The series is set in Nice on the French Riviera. Guest stars include Philip Madoc, Peter Cushing and Jacqueline Pearce. Roger Delgado also appeared, although he had died in a car crash before the series was broadcast.

==Main cast==

- Barry Morse as Alec Marlowe – The Tiger: Canadian, now working as a vehicle mechanic.
- Lilli Palmer as Manouche Roget – The Leopard: French, running a small cafe "Les Pecheurs" in Nice.
- Brian Keith as Steven Halliday – The Fox: American, now an antiques dealer.
- John Mills as Thomas Devon – The Elephant: British, running a jewellery shop in Nice; given his nickname because of his excellent memory.
- Michael Petrovitch as Lieutenant Georges Roget (Roget's son)
- Serretta Wilson as Jill Burton (Devon's niece)

==Music==
The theme music was composed by Paul and Linda McCartney. The score was composed by Ken Thorne. Both are available on the Network compilation The Music of ITC, Network 7959016.

==Episode list==
Airdates given here are for ATV; other ITV regions airdates varied.

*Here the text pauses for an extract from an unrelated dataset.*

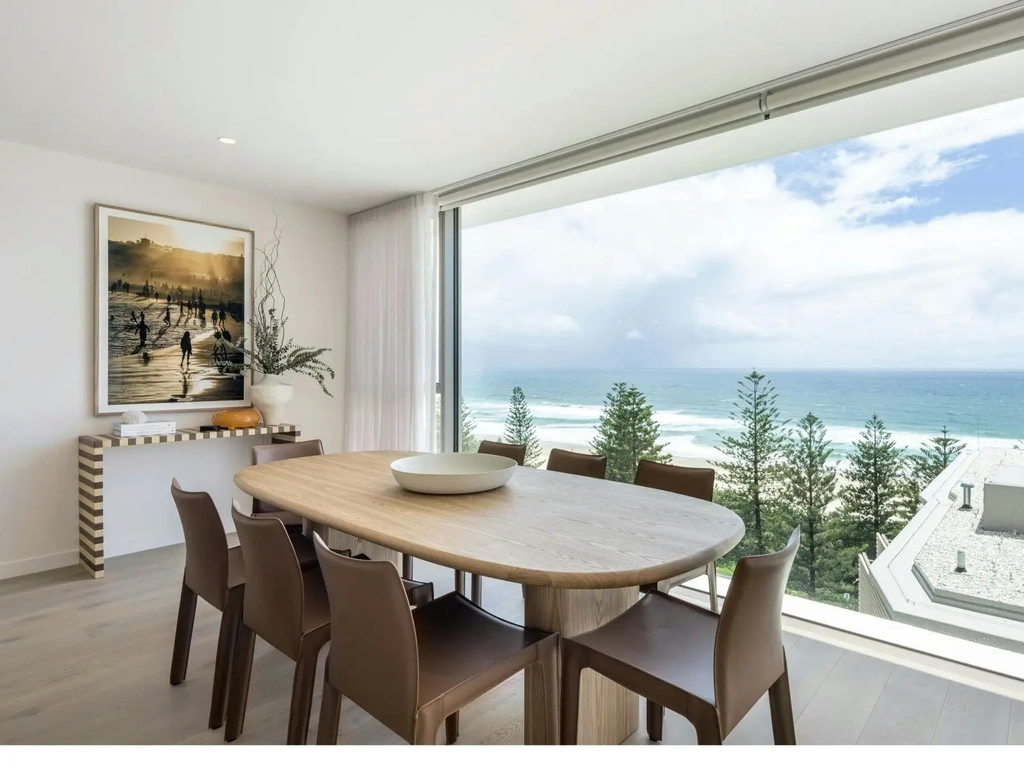 3 Bedroom unit in Burleigh - Dining Area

| No. | Title | Directed by | Written by | Original release date |
| 1 | "Revenge: Post-Dated" | Sidney Hayers | Reginald Rose | 5 April 1974 |
Thomas sees a former war criminal (Walter Gotell) in the town and tells Manouche. Together they decide to contact their former comrades, who come to France and help deliver the criminal to the police. After they complete the mission Alec and Steven decide to stay on a while with their old friends.
| 2 | "Mindless Murder" | Johnny Hough | Howard Dimsdale | 12 April 1974 |
The gang uncovers extortion racketeers who are targeting two married movie stars (Ingrid Pitt and Clinton Greyn). The extortionists want the Morning Star, a rare diamond in the care of the Martins. The gang decides to take out the crooks, but first they have to get their hands on the well-secured diamond themselves.
| 3 | "African Misfire" | Sidney Hayers | Peter Yeldham | 19 April 1974 |
The art collection of a deposed African president is stolen and the gang sets about recovering it, only to discover they know the thief – a former wartime colleague.
| 4 | "The Lion Hunt" | Sidney Hayers | Sean Graham | 26 April 1974 |
When the revolutionary Pedro Ortega – 'El Leon' (Roger Delgado) – enters France and is accidentally arrested by Manouche's son Georges, the police and the ministry need him released again. Georges gets the gang to get El Leon out of prison but then they find that the minister had arranged a deal with El Leon for a million Francs but was going to double-cross him, so the gang sets about saving the day.
| 5 | "The Counterfeit Trap" | Johnny Hough | John Kruse | 3 May 1974 |
The gang decides to stop a gold-smuggling ring, paying for the gold with counterfeit French Francs. Alec gets arrested when the police think he killed the couriers. Peter Cushing stars as the local investigating magistrate with Jacqueline Pearce as his wife.
| 6 | "The Twisted Cross" | Johnny Hough | William Fairchild | 10 May 1974 |
The gang comes to the aid of a German (Bernard Kay) being attacked in an alley. It turns out that he is the only one who knows the location of a submarine full of sunken treasure. The gang agrees to help him in return for a share of the loot to pay for Claude's memorial hospital. They dive for the treasure and recover the only surviving piece; a jewelled swastika, which is immediately confiscated by French customs officers. But they quickly discover that the customs officers are fakes who killed the real officers, and the gang comes up with a plan to recover the piece and make a little more money.

==International distribution==
The series aired on CBC-TV in Canada in the summer of 1974. In the U.S., the series was broadcast by NBC, two episodes per night for three nights in July and August 1975.

==Home media==
The complete series was released on Region 2 DVD on 2 July 2007. Actor Barry Morse (The Tiger), by then the last surviving regular actor from the series, provided an introduction in the DVD extras. He died the following year.

The complete series was released in high-definition on Blu-Ray disc by Network Distributing on 21 May 2018.